Here’s a model from another world:
Stress analysis in an impeller
Here’s a visualization of “finite element analysis” of stresses in an impeller. See the “wire frame” look, as if the impeller has been created from lots of tiny pieces?
In this totally different application, the problem of calculating the mechanical stresses in the unit is that the “boundary conditions” – the strange shape – make solving the equations by the usual methods of re-arranging and substitution impossible. Instead what happens is the strange shape is turned into lots of little cubes. Now the equations for the stresses in each little cube are easy to calculate. So you end up with 1000′s of “simultaneous” equations. Each cube is next to another cube and so the stress on each common boundary is the same. The computer program uses some clever maths and lots of iterations to eventually find the solution to the 1000′s of equations that satisfy the “boundary conditions”.

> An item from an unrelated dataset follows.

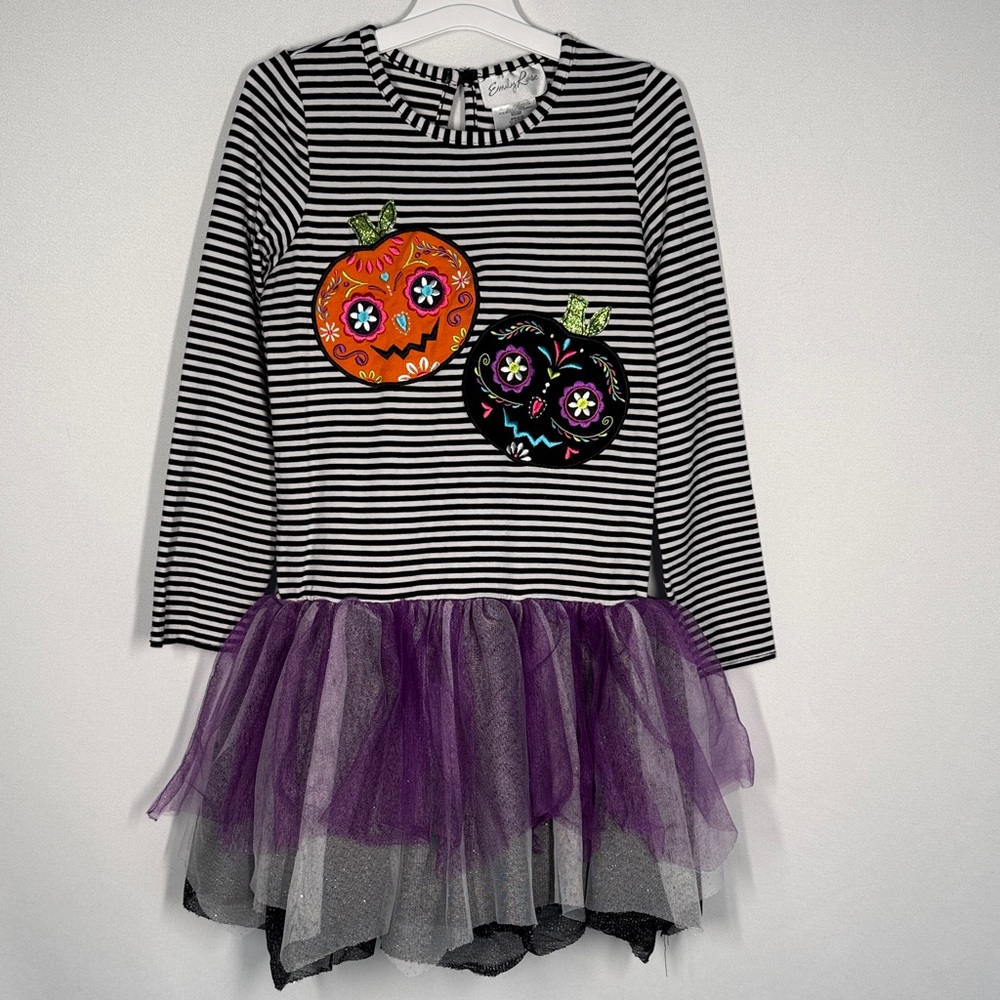 ❤️3/$30 Emily Rose Striped Halloween Pumpkin Dress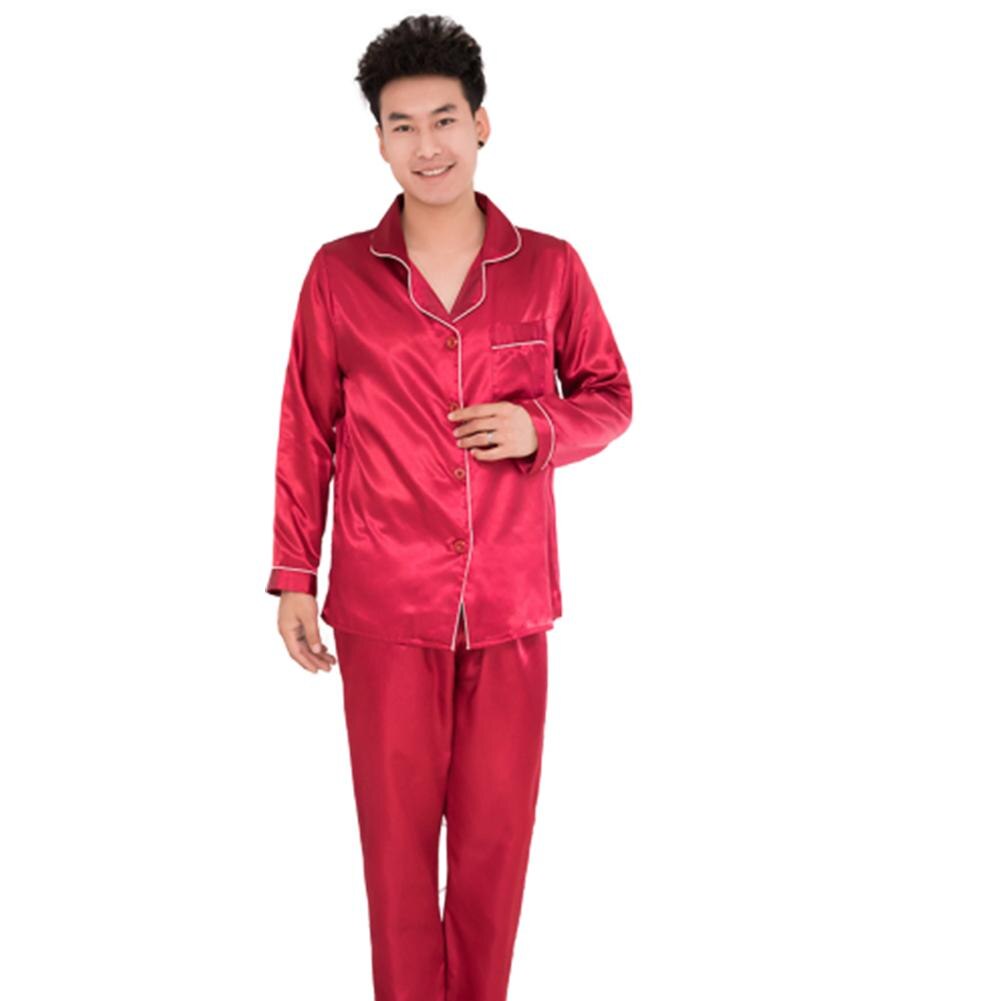Silk Satin Men Pajamas Set Sleepwear Couple Solid Color Long Sleeve Suit: Red / L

Finite element analysis is used successfully in lots of areas of practical problem solving, many orders simpler of course, than GCMs.
Uses of Models
One use of models is to predict, no project, future climate scenarios. That’s the one that most people are familiar with. And to supply the explanation for recent temperature increases.
But models have more practical uses. They are the only way to provide quantitative analysis of certain situations we want to consider. And they are the only way to test our understanding of the causes of past climate change.
Analysis
On this blog one commenter asked about how much equivalent radiative forcing would be present if all the Arctic sea ice was gone. That is, with no sea ice, there is less reflection of solar radiation. So more absorption of energy – how do we calculate the amount?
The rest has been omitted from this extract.